When you name what the conversation is doing — rather than continuing inside it — the system has to recalibrate against a better description than the one it was working with. This one is probably the most powerful technique in the set. Because you’re no longer a participant in a drifting conversation. You’re the observer of it.
There are a few others I use, almost without thinking about it now. Sometimes it’s drawing a line around what I’m actually asking for. Something like: “I’m not asking for sympathy. I’m reporting an observation.” That’s not a correction. It’s a fence. It tells the conversation where the edges are.

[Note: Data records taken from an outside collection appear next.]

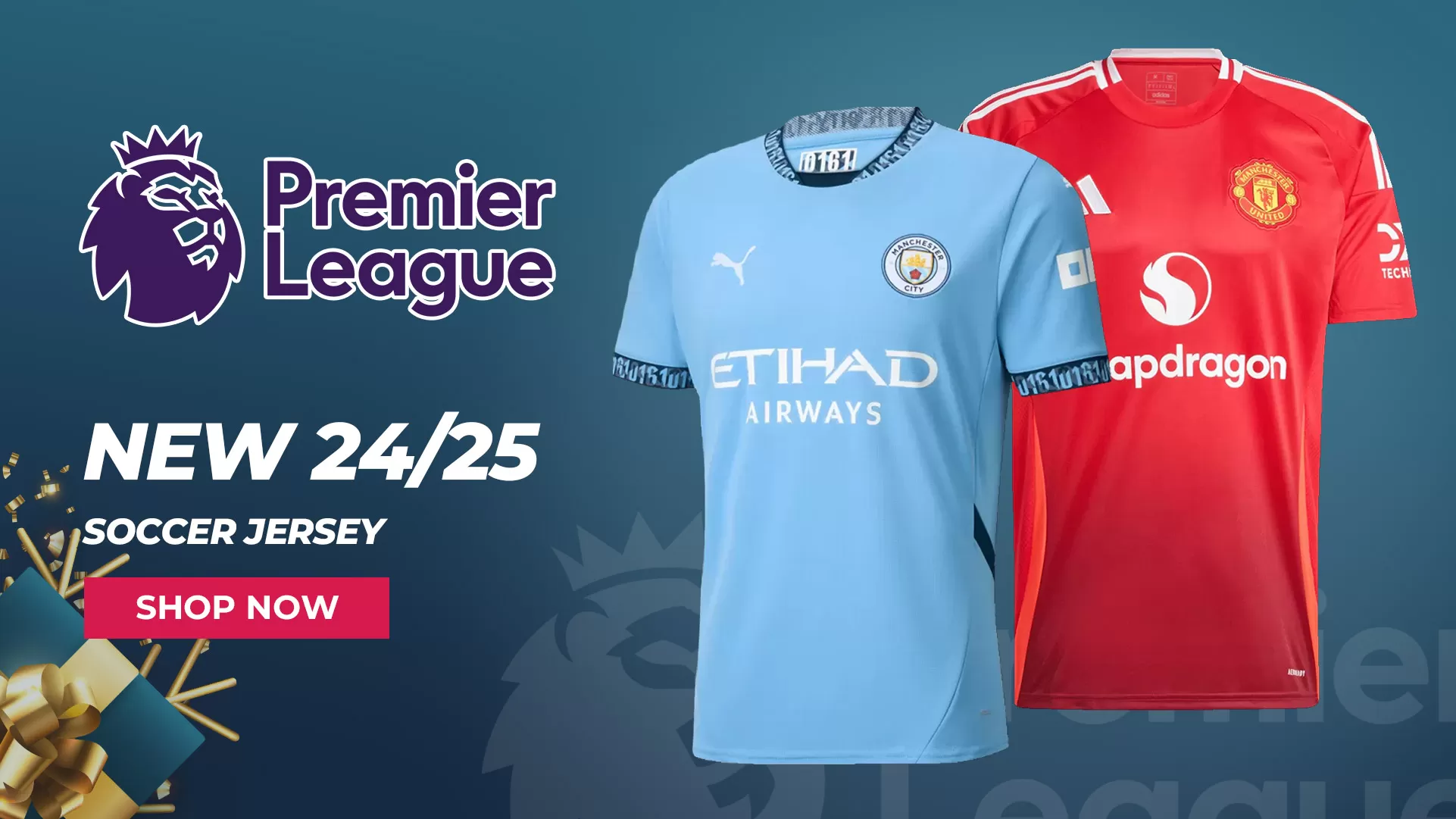 Premier League - bestsoccerstore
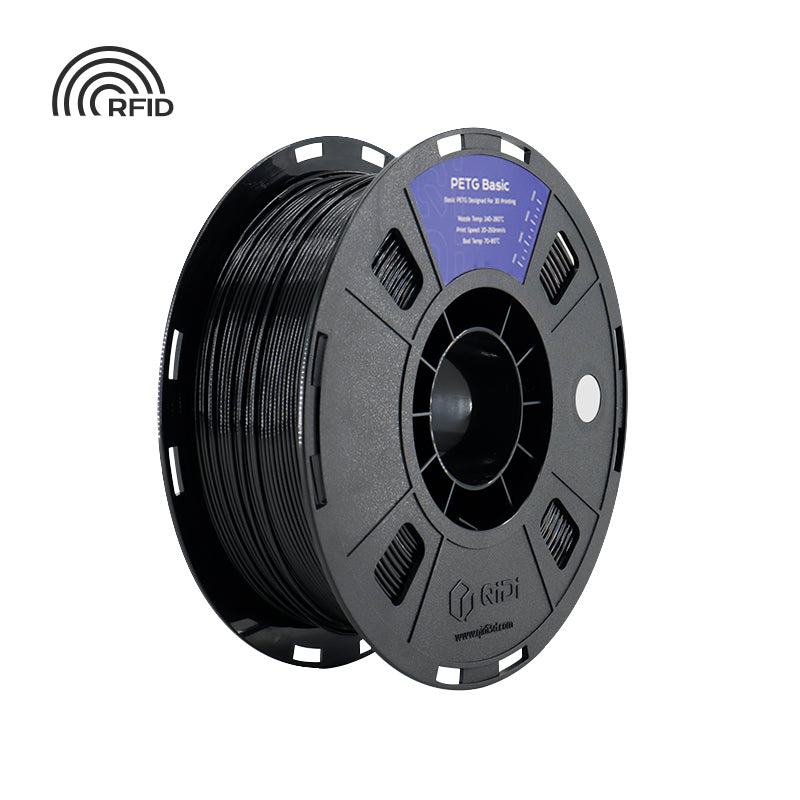 Tg Basic PETG Filament for 3D Printing | Strong, Low-Warp – QIDI CA Store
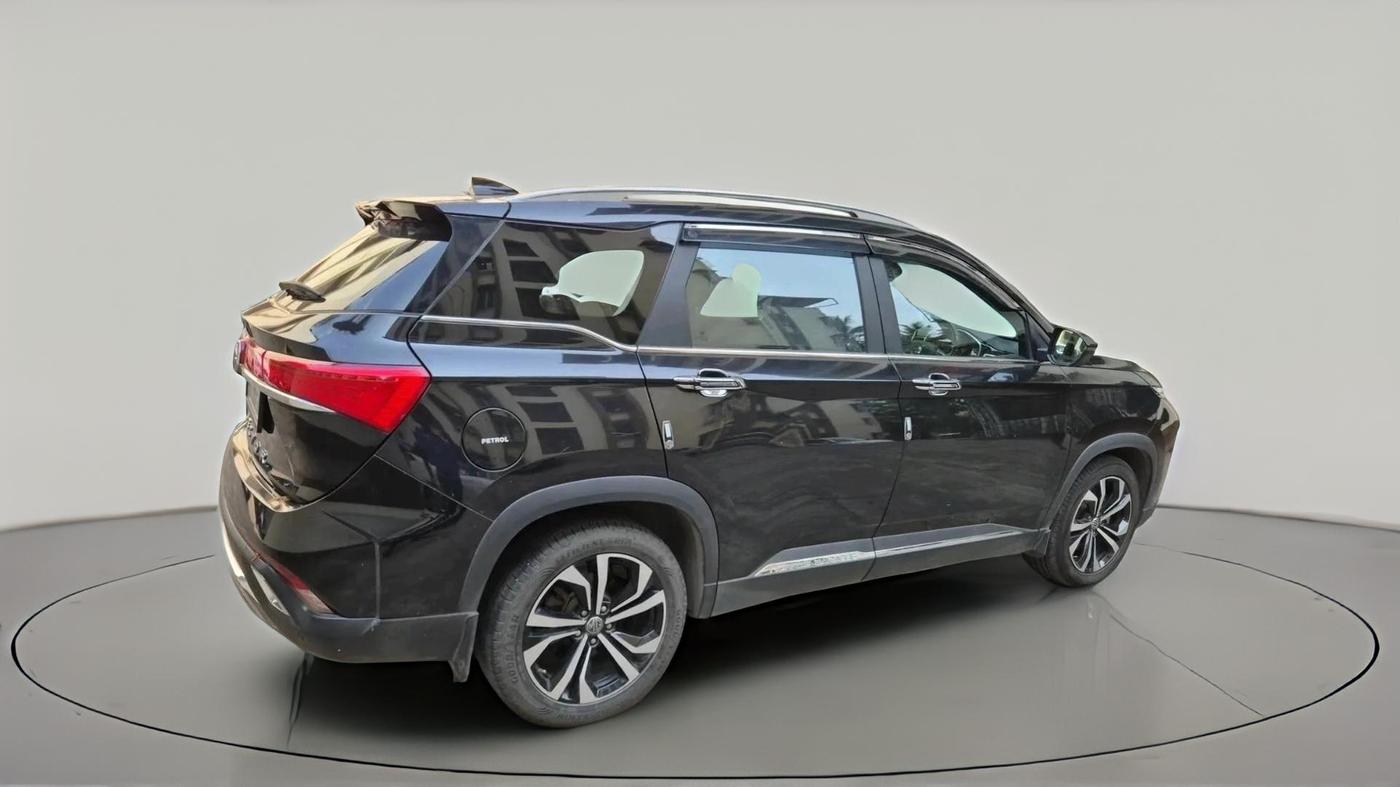 2023 MG HECTOR SHARP PRO 1.5 PETROL TURBO CVT PETROL, Petrol, Automatic, 48,018 km, exterior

Sometimes it’s dropping in something the current frame can’t explain. One fact that doesn’t fit the story the conversation has been building. You don’t have to argue with the frame. The fact does the work. The frame has to reorganize around it or fall apart.
And sometimes it’s just being honest about what I’m feeling in the moment. Not because emotion wins arguments. Because it’s information the system was missing. It fills in something it had been guessing at, usually wrong.
Different tools. Different situations. But underneath all of them, it’s the same move. You’re not changing the topic. You’re changing the frame.
And here’s the observation that ties all of this together. My most effective intervention isn’t comedy. It isn’t profanity. It isn’t even naming the process.
It’s this: That’s not the thing.
Not literally those words. But structurally. Pulling attention back to the actual object when the conversation has drifted away from it. That’s less prompt engineering and more interaction steering through pattern recognition.
The Core Failure Mode: Drifted Frames
And it works because the most common failure mode in AI conversation isn’t a bad model. It’s a drifted frame. The topic is still there. The words are still arriving. But the conversation has quietly become about something adjacent to what you actually wanted to examine. Most people don’t notice. They just feel vaguely dissatisfied and can’t say why.
These techniques aren’t hacks. They aren’t workarounds. They’re conversational skills — the same skills that make human conversation productive — applied to a different kind of interlocutor.
Tom still hasn’t forgiven me for the McDonald’s thing. But I think he’s starting to understand what I was demonstrating.